IGN shared a week’s worth of data that showed the reach of Instant Articles versus non-Instant Articles. Reach was nearly double: Instant posts reached on average 12 percent of the publisher’s total audience of more than 3.5 million Facebook fans, while non-Instant reached an average of 7 percent of fans.

Engagement
This is where it gets tricky. PopSugar, for instance, puts a lot of stock in driving readers to its website, where it tries to keep them engaged for as long as possible. PopSugar said its mobile traffic is up 36 percent since it joined the program in April, because the site is able to include Instant traffic as if it were a website visit. ComScore does the third-party measuring for publishers to verify the traffic numbers for them and advertisers.

Even though traffic is up, PopSugar said time spent is lower in the Instant Articles by half compared to the average session of a reader visiting the website. “With Instant Articles, by their very nature, the format doesn’t see the same level of engagement,” George said.

PopSugar said it is experimenting with different types of media — more than simple articles — like polls, recipes and other formats to get Instant Article readers to spend as much time as they do on the website.

Content
Publishers are still working out the formula of what type content works best as Instant Articles — links, photo galleries, polls, and other types of media — and how much of it to post.

“We are doing articles only, no photo galleries, slideshows, video. We’re focusing on the simplest, most basic story type,” said Julie Hansen, COO of Business Insider.

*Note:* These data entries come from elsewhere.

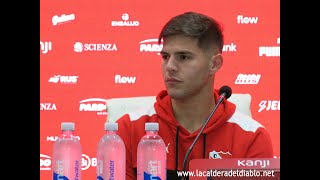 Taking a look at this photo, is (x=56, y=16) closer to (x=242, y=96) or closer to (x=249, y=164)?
(x=242, y=96)

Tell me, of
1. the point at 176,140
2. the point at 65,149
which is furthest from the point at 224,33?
the point at 65,149

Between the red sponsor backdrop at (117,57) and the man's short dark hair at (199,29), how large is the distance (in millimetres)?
216

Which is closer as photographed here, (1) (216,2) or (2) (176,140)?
(2) (176,140)

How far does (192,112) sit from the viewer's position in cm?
281

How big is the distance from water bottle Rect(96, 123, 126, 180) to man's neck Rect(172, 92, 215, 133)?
425mm

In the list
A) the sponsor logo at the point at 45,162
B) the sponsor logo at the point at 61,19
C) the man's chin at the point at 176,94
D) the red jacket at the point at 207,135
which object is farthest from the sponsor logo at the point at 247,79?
the sponsor logo at the point at 45,162

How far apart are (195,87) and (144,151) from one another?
0.48m

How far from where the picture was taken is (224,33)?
10.3 ft

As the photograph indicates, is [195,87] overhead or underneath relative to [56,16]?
underneath

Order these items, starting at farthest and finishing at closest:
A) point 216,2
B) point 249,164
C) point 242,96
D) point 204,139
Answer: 1. point 216,2
2. point 242,96
3. point 204,139
4. point 249,164

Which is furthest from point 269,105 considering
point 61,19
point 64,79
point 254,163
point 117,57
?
point 61,19

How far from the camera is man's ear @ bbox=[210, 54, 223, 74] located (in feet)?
9.34

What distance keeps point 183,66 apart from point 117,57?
0.68 m

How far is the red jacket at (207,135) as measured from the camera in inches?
108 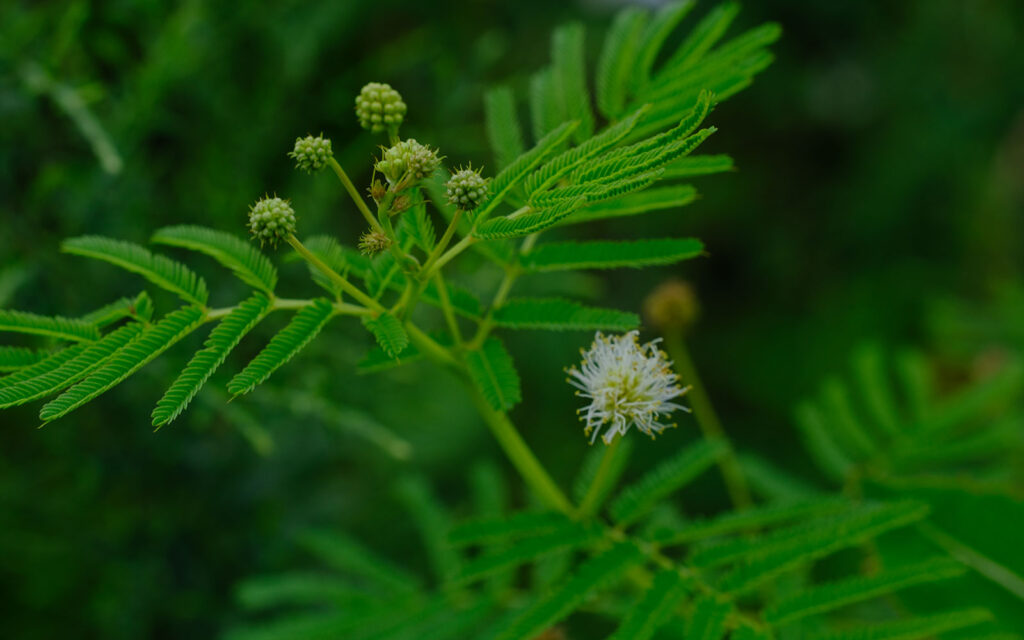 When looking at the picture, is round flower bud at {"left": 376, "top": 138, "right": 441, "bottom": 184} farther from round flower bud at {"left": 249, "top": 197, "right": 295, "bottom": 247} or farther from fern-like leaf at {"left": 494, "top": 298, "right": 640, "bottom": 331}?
fern-like leaf at {"left": 494, "top": 298, "right": 640, "bottom": 331}

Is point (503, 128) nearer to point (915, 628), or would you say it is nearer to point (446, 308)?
point (446, 308)

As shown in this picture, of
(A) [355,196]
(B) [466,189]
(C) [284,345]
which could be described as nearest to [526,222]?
(B) [466,189]

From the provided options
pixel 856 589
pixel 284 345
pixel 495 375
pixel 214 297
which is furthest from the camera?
pixel 214 297

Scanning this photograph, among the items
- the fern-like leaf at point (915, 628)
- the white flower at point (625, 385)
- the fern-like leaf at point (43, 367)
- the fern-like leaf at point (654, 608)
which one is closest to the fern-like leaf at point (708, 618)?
the fern-like leaf at point (654, 608)

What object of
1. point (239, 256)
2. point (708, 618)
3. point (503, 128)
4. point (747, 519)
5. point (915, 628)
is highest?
point (503, 128)

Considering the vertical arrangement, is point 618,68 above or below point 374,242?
above

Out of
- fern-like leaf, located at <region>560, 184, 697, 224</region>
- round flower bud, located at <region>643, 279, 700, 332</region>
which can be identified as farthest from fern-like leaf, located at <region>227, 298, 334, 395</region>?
round flower bud, located at <region>643, 279, 700, 332</region> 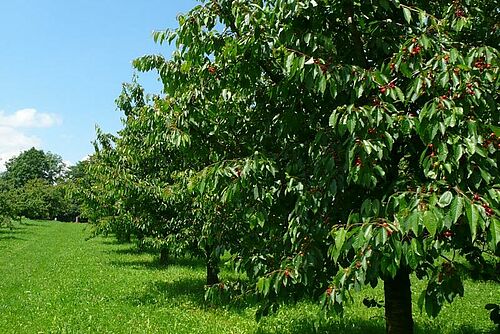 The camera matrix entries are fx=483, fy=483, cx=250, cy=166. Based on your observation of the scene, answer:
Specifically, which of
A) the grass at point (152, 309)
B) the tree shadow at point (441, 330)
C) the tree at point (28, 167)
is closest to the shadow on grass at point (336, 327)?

Business Insider is posting about 10 percent of its articles as Instant Articles, meanwhile other publishers like The Washington Post have been posting every article in that format.

Monetization
Facebook has given publishers two options to monetize: The publisher can sell the ad units in the Instant Articles, and bundle the traffic with its own website, because of comScore’s ability to measure the visits on Facebook. Or publishers can allow Facebook to sell the inventory through its own ad network.

“We’re filling with our own ads, treating this new inventory as part of our cross-screen ‘All IGN’ inventory,” IGN’s Northcutt said. “Since that was our strategy going in, this is equivalent to organic growth on mobile for us. The ability to measure audience here via comScore was a brilliant move on Facebook’s part, since it allows us to capture this audience there, too.”

Business Insider is taking the other route, letting Facebook fill the ad slots, and it is seeing the same level of monetization from Instant Articles as it gets on its websites.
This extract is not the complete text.